Ho Chi Minh, 11/08/2005 – Guardas de fronteira do Vietnã endureceram a vigilância para impedir a entrada clandestina de frangos e ovos procedentes da China, como parte da campanha nacional contra a gripe do frango. Entretanto, o contrabando continua, para preocupação das autoridades sanitárias, que temem pelo sucesso de um plano de vacinação de todas as aves criadas em granjas do país, já iniciado em duas províncias. "A cada dia confiscamos pelo menos uma tonelada de frangos e milhares de ovos", afirmou Hoang Minh Truong, diretor do Departamento de Controle do Mercado da província de Lang Son. As aves e os ovos, que entram no país de contrabando vindas da China, são levados da província para feiras de todo o país.

Segundo a Organização Mundial da Saúde (OMS), entre o começo da epidemia, em dezembro de 2003, e o dia 5 deste mês foram registrados 112 casos em humanos e 57 mortes pelo vírus da gripe aviária. Quarenta dessas mortes ocorreram no Vietnã, 12 na Tailândia, quatro no Camboja e uma na Indonésia. No Vietnã, de dezembro passado até hoje, foram registradas 63 infecções e 20 mortes. Das três pessoas infectadas entre 14 de julho e 1 de agosto nesse país do sudeste da Ásia, duas morreram. Inicialmente, acreditava-se que essa doença afetaria apenas as aves, até que em 1997 foram registrados os primeiros casos em humanos, contagiados pelo contato com os animais infectados.

As aves expelem o vírus através dos excrementos, que uma vez secos e pulverizados, podem ser inalados pelas pessoas. Os sintomas são semelhantes aos de outros tipos de gripe: febre, mal-estar, dor de garganta e tosse, e, em alguns casos, conjuntivite. Existem 15 cepas do vírus, mas a única que infecta humanos é a H5N1, que, por sua vez, apresenta vários subtipos. Especialistas em saúde advertiram que se alguma cepa desenvolver a capacidade de transmissão entre pessoas, haverá uma pandemia mundial. No momento, as autoridades sanitárias vietnamitas decidiram reforçar a prevenção entre os trabalhadores das granjas, inclusive através da vacinação.

"A gripe aviária está espalhada no delta do rio Vermelho, no norte, e no delta do Mekong, ao sul", explicou à IPS o diretor do Centro de Saúde da Província de Tien Giang, Nguyen Thi Viet Nga. Esta, juntamente com Nam Dinh, foram as primeiras províncias a lançar um programa de vacinação. Mas a presença em Hanói e Ho Chi Minh de alimentos derivados de frangos, ovos e porcos procedentes de países recentemente afetados por focos da enfermidade gera grande preocupação nas autoridades, bem como a escassez de inspetores.

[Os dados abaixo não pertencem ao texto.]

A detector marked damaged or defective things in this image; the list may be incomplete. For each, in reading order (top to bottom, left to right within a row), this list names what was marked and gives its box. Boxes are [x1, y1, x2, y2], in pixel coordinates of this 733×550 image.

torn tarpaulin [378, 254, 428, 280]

Mais de 140 milhões de aves foram sacrificadas na Tailândia, Indonésia, China e Vietnã em um esforço para conter a doença. Especialistas internacionais advertiram que a enfermidade já é endêmica na China e no Vietnã, onde a maioria das aves é criada em ambiente doméstico, o que dificulta o controle. Os matadouros ilegais são outro problema que precisa de atenção urgente. Bui Quang Anh, diretor do Departamento de Saúde Animal do Ministério da Agricultura e Desenvolvimento Rural, admitiu que os governos locais "sacrificaram apenas 10% de um total de dez milhões de frangos, patos e gansos afetados".

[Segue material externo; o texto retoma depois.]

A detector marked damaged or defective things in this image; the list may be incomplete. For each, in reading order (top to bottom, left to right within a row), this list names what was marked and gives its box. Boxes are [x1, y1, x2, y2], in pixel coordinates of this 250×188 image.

Entretanto, esclareceu que "desde o surgimento da epidemia, o Vietnã sempre informou de forma transparente à OMS". Além da vacinação de frangos e patos em Tien Gang e Nam Dinh, considerada um teste para futuros planos nacionais de imunização, as autoridades sanitárias desenvolveram um programa paralelo de educação pública que exorta a população a se abster de comer esses animais até 30 dias depois de vacinados. Além disso, os criadores de frango deverão registrar sistematicamente os sintomas dos animais em formulários especiais.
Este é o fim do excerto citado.